[docs] Flux group offload #10847

stevhliu · 2025-02-20T16:53:58Z

From discussion in #10840, this PR adds an example of group offloading to the Flux docs as well as a note on memory requirements.

HuggingFaceDocBuilderDev · 2025-02-20T17:00:44Z

The docs for this PR live here. All of your documentation changes will be reflected on that endpoint. The docs are available until 30 days after the last update.

asomoza · 2025-02-20T17:25:28Z

docs/source/en/api/pipelines/flux.md

+## Optimize

-## Running FP16 inference
+Flux is a very large model and requires ~50GB of RAM. Enable some of the optimizations below to lower the memory requirements.


nice!, but the 50 GB of RAM are used when using group offloading not before, also @a-r-r-o-w was going to check if this is the real number or not, I get this but maybe there's something in my env that makes it go that high. It should use around 20GB for the transformer model in theory.

Ah ok, I'll update this number once we get a clearer value from @a-r-r-o-w!

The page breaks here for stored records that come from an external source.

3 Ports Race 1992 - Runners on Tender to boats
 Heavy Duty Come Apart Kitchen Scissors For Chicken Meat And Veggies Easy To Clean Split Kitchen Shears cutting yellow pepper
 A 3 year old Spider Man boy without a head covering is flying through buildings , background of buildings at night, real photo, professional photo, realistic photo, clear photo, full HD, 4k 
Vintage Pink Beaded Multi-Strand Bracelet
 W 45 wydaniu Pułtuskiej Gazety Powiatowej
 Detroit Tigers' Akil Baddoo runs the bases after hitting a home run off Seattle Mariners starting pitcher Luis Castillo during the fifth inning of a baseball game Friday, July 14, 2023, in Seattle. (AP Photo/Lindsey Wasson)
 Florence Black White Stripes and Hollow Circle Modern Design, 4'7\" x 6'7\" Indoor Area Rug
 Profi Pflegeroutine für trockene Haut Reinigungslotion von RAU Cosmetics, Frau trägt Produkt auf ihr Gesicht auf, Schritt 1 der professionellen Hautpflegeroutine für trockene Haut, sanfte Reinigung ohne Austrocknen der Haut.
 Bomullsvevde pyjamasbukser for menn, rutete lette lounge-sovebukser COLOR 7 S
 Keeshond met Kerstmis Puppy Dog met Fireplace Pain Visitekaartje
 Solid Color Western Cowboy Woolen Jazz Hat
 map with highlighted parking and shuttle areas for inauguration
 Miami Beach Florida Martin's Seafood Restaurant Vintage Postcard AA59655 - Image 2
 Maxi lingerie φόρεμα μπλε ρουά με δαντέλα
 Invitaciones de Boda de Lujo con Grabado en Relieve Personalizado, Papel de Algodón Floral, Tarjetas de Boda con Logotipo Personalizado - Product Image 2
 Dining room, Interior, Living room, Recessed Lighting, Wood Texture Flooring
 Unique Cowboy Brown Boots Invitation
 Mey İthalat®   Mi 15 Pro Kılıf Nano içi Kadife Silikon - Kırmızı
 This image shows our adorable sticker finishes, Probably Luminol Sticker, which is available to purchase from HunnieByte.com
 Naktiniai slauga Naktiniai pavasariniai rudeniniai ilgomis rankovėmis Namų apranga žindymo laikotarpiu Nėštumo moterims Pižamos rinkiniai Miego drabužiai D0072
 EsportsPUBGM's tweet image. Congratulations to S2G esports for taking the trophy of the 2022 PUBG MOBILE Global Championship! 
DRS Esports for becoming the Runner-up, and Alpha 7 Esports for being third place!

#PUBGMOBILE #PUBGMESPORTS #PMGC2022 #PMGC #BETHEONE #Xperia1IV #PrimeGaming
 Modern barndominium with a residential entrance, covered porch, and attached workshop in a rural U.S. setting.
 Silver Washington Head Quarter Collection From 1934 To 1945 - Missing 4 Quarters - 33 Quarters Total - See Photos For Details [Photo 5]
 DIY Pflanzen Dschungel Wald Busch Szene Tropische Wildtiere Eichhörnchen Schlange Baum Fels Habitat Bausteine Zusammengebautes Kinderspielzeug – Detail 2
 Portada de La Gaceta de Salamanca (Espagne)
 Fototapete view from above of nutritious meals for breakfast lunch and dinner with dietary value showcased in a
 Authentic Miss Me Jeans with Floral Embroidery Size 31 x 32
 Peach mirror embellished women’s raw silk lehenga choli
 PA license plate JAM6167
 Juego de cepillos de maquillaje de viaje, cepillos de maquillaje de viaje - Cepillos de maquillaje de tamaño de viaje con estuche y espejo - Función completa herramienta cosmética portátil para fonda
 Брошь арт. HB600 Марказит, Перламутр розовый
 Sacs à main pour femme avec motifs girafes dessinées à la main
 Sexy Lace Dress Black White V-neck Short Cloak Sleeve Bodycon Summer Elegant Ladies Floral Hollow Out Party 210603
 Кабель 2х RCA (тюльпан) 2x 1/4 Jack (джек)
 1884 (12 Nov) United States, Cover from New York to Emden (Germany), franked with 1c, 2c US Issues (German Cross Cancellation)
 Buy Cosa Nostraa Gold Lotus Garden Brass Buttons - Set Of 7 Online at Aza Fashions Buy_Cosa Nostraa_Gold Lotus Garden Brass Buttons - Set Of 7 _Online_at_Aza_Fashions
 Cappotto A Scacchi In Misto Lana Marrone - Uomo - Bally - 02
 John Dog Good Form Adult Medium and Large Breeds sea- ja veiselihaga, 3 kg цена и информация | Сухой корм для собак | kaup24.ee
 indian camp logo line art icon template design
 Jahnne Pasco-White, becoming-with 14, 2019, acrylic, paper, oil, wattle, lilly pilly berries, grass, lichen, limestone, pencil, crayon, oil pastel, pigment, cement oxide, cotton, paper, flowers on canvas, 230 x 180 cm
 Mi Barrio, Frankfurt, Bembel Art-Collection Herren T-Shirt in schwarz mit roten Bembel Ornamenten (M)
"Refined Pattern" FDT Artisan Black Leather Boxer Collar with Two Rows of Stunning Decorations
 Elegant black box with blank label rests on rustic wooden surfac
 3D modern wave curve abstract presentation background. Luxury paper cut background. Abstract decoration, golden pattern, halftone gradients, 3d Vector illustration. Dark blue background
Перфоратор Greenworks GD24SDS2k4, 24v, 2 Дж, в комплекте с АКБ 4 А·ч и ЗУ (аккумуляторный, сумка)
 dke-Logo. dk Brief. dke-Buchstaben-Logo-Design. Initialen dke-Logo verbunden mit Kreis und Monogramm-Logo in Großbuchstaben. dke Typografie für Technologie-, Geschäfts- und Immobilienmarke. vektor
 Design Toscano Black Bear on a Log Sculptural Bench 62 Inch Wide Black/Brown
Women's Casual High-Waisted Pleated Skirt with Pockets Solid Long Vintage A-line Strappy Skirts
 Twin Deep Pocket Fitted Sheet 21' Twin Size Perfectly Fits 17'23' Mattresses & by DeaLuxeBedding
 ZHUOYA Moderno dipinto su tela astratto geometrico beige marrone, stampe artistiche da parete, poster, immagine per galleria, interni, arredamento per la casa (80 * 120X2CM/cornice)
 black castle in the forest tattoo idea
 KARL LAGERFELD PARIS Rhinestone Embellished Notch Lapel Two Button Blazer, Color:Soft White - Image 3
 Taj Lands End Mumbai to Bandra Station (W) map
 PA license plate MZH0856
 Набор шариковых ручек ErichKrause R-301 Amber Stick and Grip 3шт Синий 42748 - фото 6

nitinmukesh · 2025-02-20T18:07:21Z

May I request to add all 3 examples as they cover different aspects of this feature.
1st example covers leaf_level
3rd example covers block_level + leaf_level (demonstrates mix is allowed for different components)
2nd example explains that you need to apply on all components otherwise there will be error " Expected all tensors to be on the same device, but found at least two devices, cpu and cuda:0!". Another solution is to use .to() for component for which you don't want to use apply_group_offloading. This scenario/issue is covered here #10797

*component means text_encoder(s), transformer, vae

a-r-r-o-w · 2025-02-21T04:01:39Z

@asomoza @stevhliu So, I looked into the CPU memory usage, and it is indeed higher for group offloading compared to model/sequential offloading. To improve, I'll need @SunMarc's help in understanding what's going on, since it looks like a component remains on disk (is not loaded on to the CPU) when not required -- otherwise memory usage should have been much higher from just loading model weights.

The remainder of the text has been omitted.